Task description>
Every line from the one with "Lake Tekapo House" to the final line of the records should be printed exactly as it is, with pictures left out.

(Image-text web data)
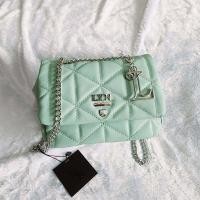ราคา กระเป๋าสะพายข้าง LYN รุ่นเเม่อั้ม ทรงเหลี่ยม ทรงคลาสสิค สไตล์วินเทจ มี 6 สีให้เลือก อุปกรณ์ ถุงผ้า ป้ายราคา สามารถเลือกรับถุงกระดาษได้ (21334849695)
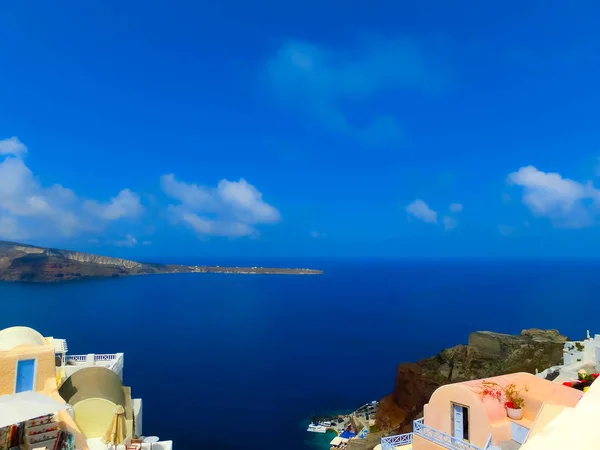 Vista al mar desde el pueblo de Oia de la isla de Santorini en Grecia — Foto de Stock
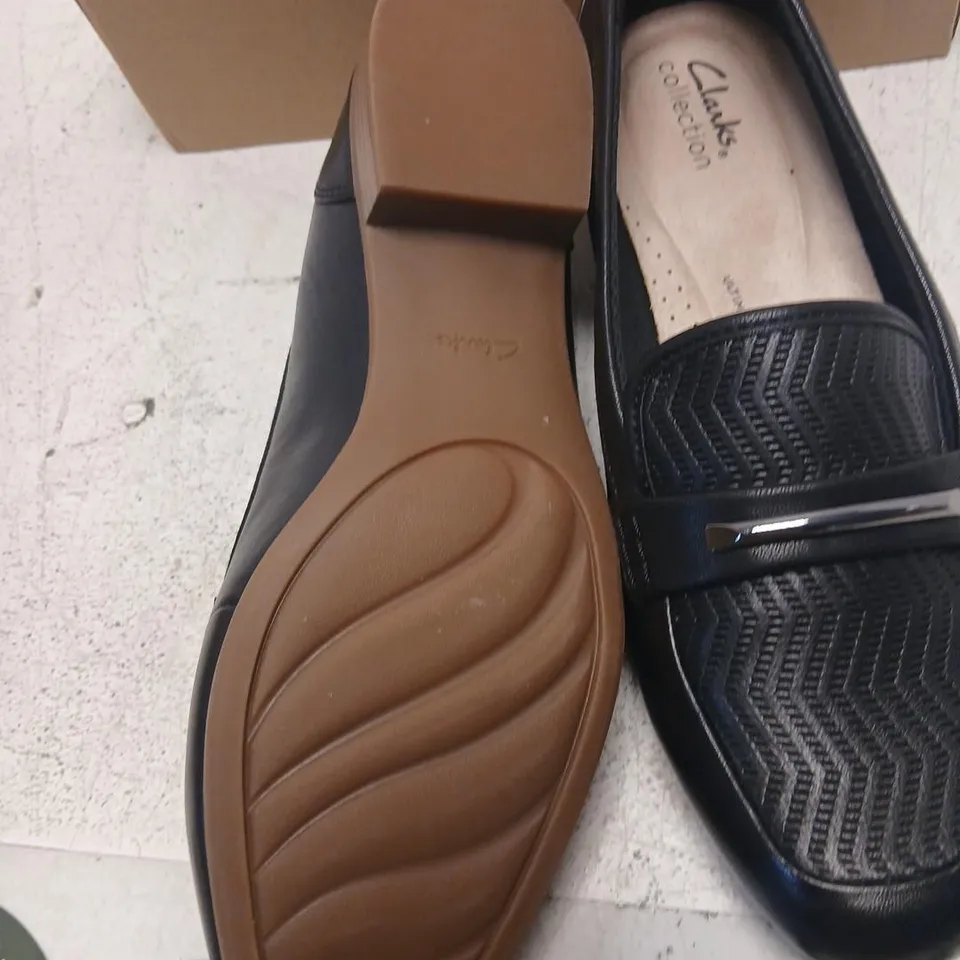 CLARKS WOMEN'S BLACK LEATHER LOAFERS – UK 6
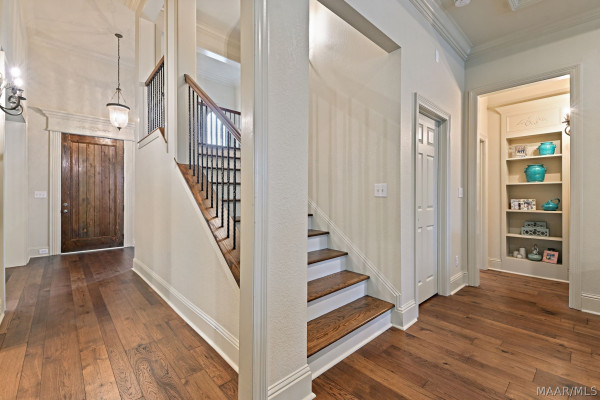 7544 Lakeridge Drive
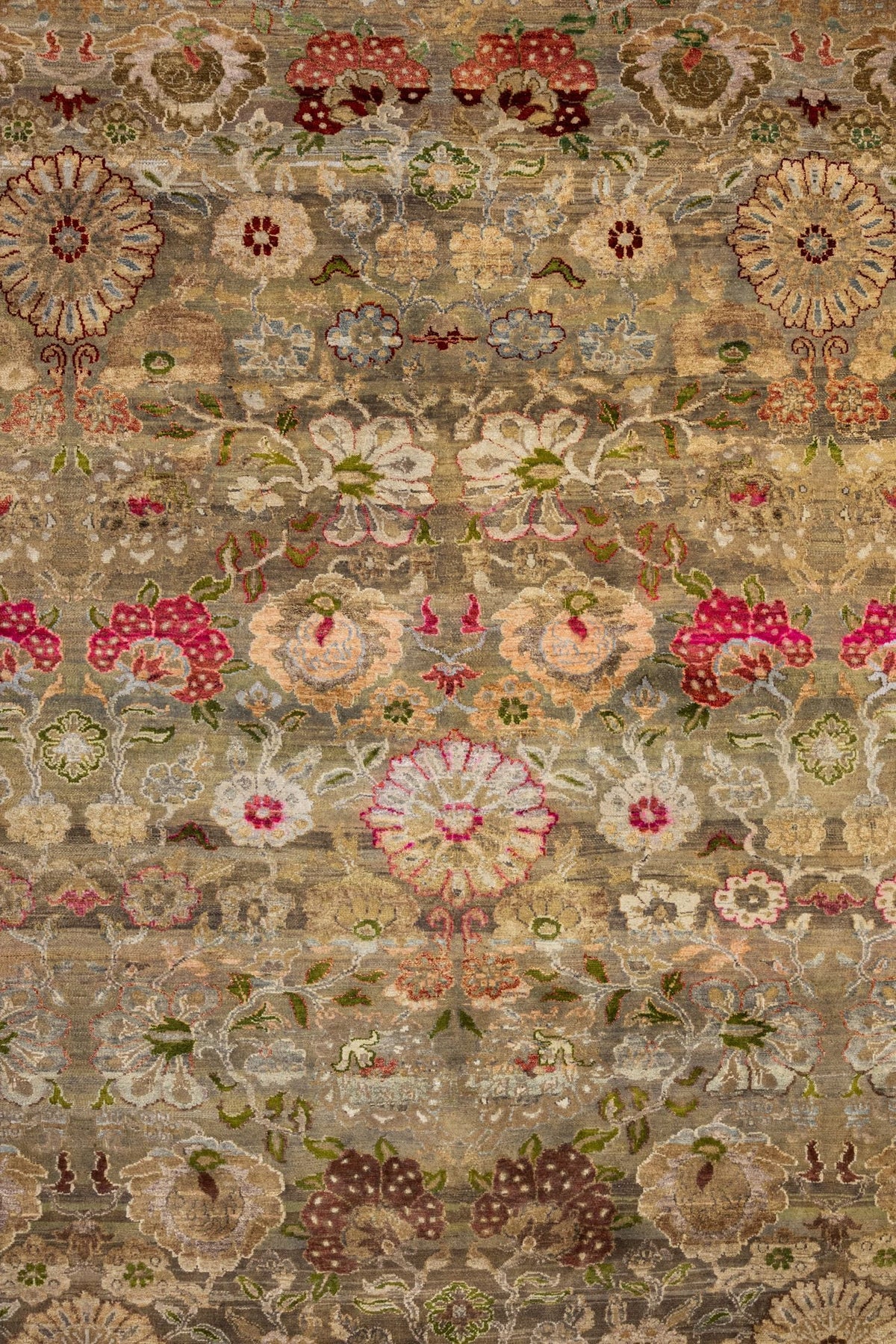 Agra Handwoven Traditional Rug, J88450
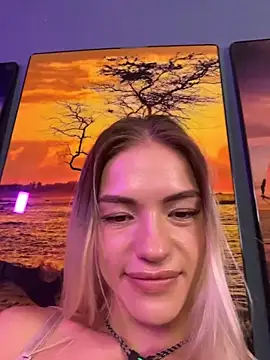 -Sexy Barbie- online show from 04-13-26, 06:19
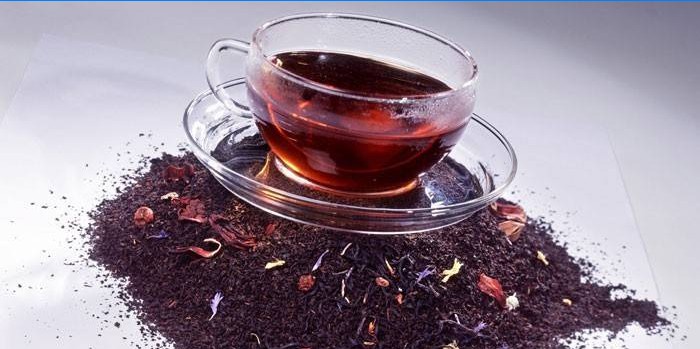 Csésze tea egy csésze száraz teát
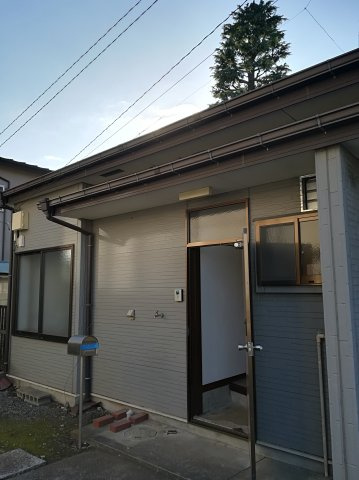 【外観】 | ワコンハウス | 平屋建て　洗濯機置き場は玄関横（外）になります。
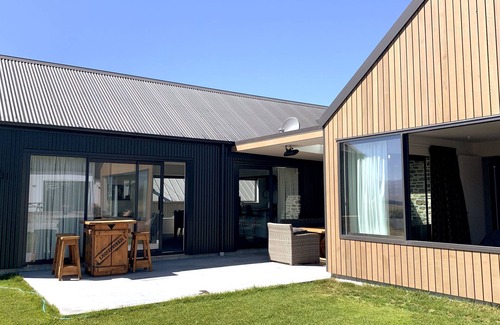 Lake Tekapo House | Rustic & Stylish with Mountain & Lake Views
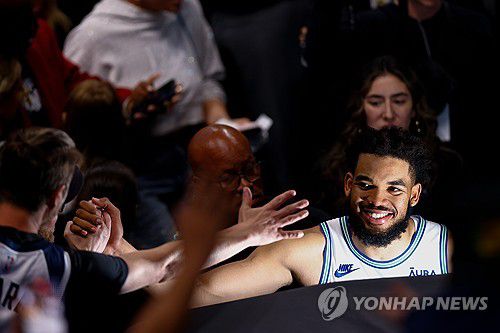 팬들과 인사하는 타운스[EPA=연합뉴스]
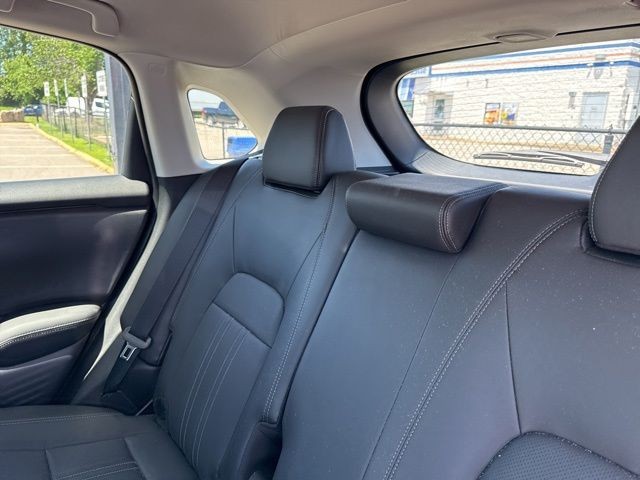 Honda HR-V Vehicle Full-screen Gallery Image 09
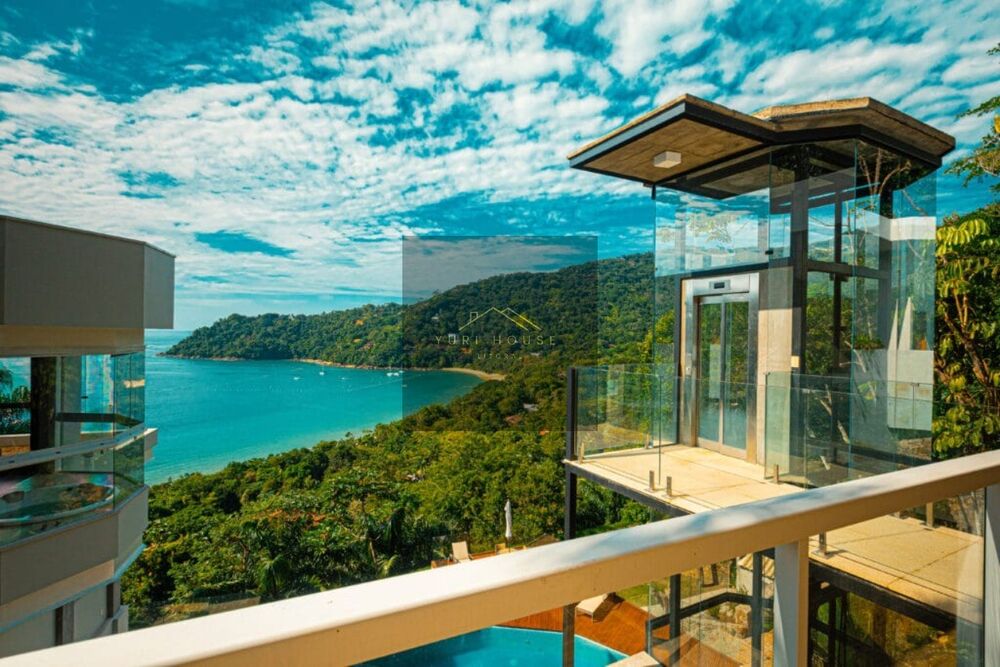 Casa à venda com 4 quartos, 1200m² - Foto 2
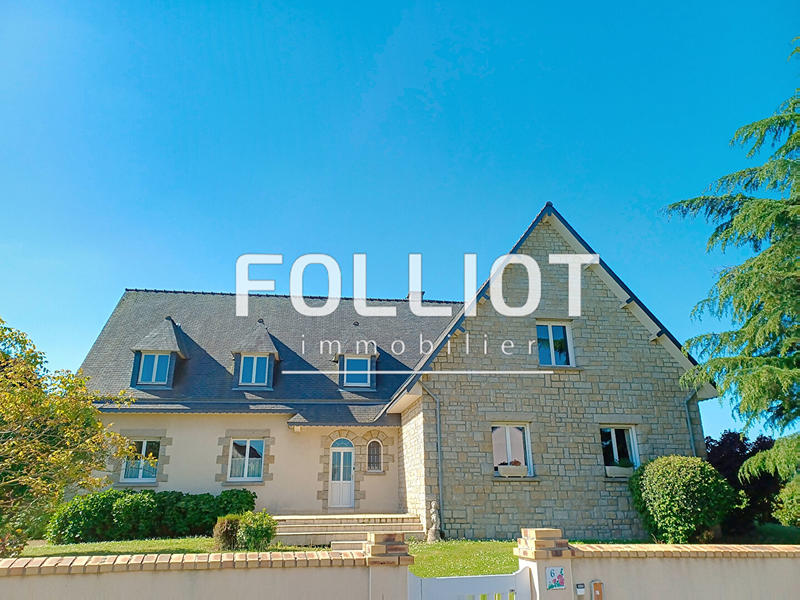 Maison - 235 m² - 7 pièces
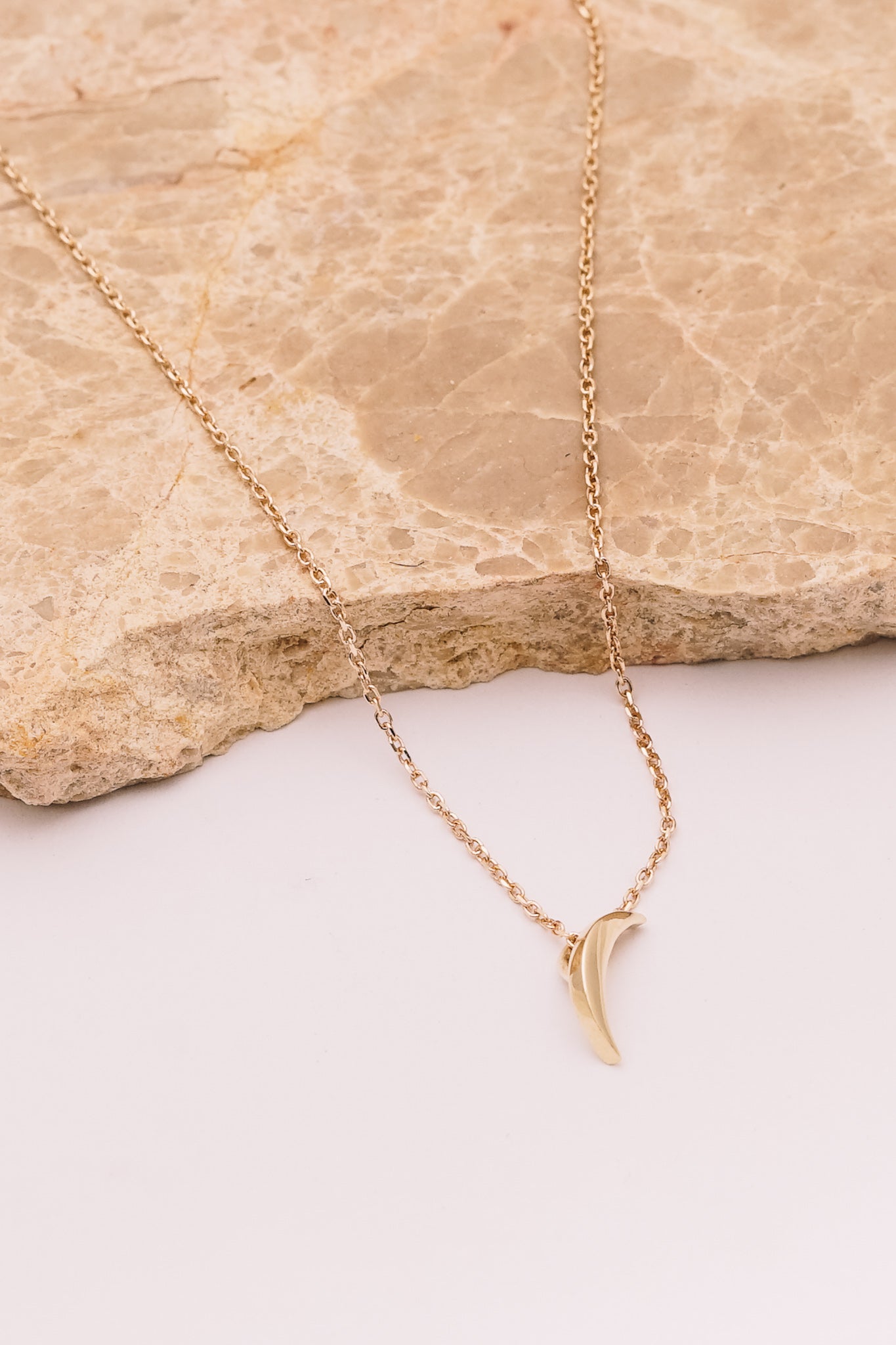 gold crescent moon necklace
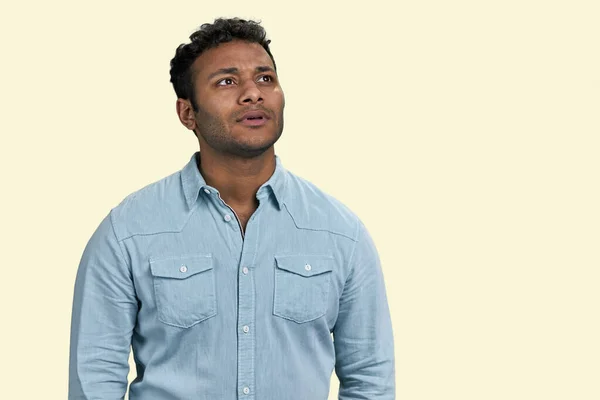 Düşünceli Genç Bir Hintli Adamın Portresi Yukarı Bakıyor Yeni Fırsatlar — Stok fotoğraf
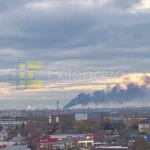 Des drones ukrainiens frappent de nouveau la raffinerie de pétrole d'Omsk, la deuxième fois en trois mois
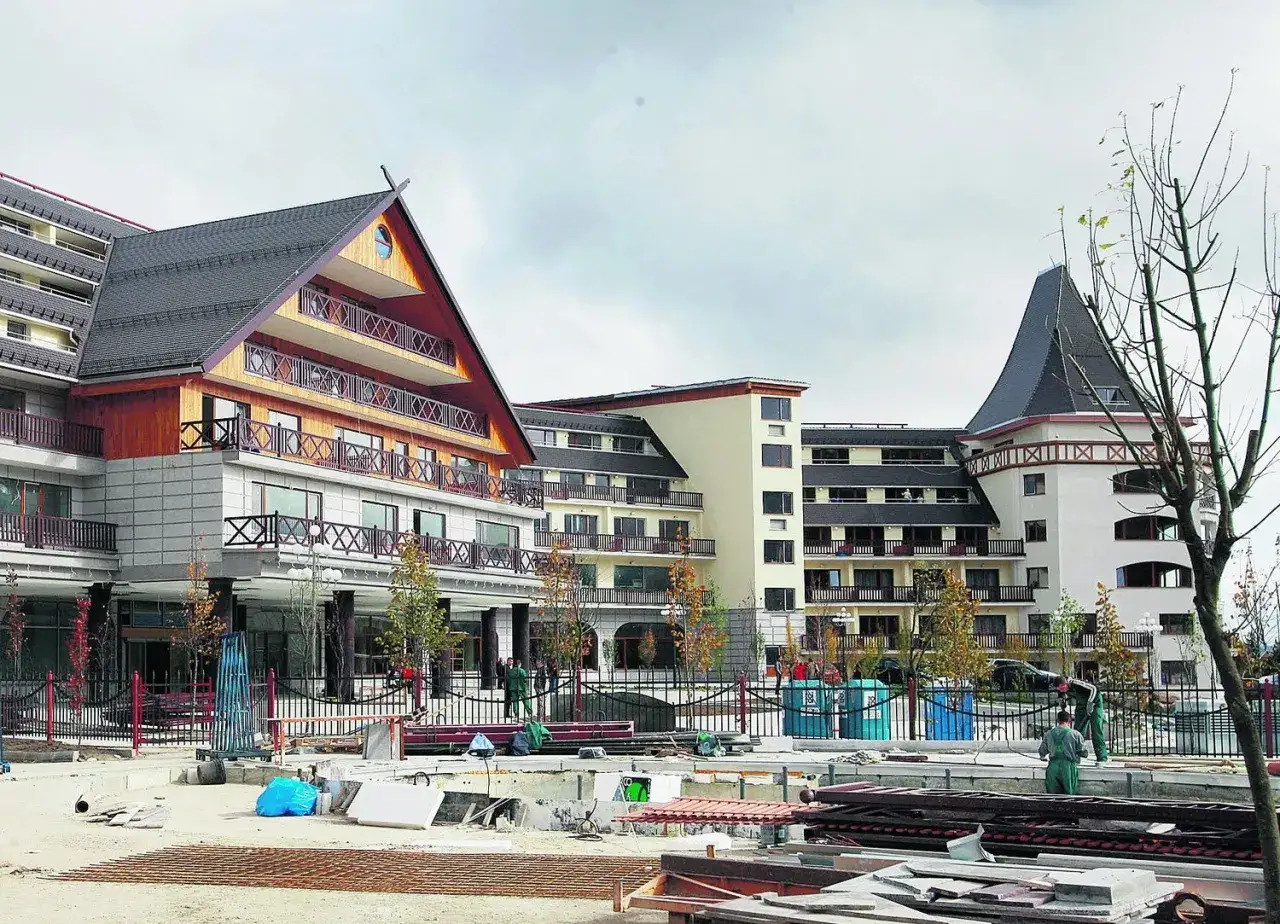 Hotel Gołębiewski Karpacz, kiedy powstał, to nowoczesny kompleks z charakterystyczną architekturą. Widać prace budowlane.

Solution below>
 Lake Tekapo House | Rustic & Stylish with Mountain & Lake Views
 팬들과 인사하는 타운스[EPA=연합뉴스]
 Honda HR-V Vehicle Full-screen Gallery Image 09
 Casa à venda com 4 quartos, 1200m² - Foto 2
 Maison - 235 m² - 7 pièces
 gold crescent moon necklace
 Düşünceli Genç Bir Hintli Adamın Portresi Yukarı Bakıyor Yeni Fırsatlar — Stok fotoğraf
 Des drones ukrainiens frappent de nouveau la raffinerie de pétrole d'Omsk, la deuxième fois en trois mois
 Hotel Gołębiewski Karpacz, kiedy powstał, to nowoczesny kompleks z charakterystyczną architekturą. Widać prace budowlane.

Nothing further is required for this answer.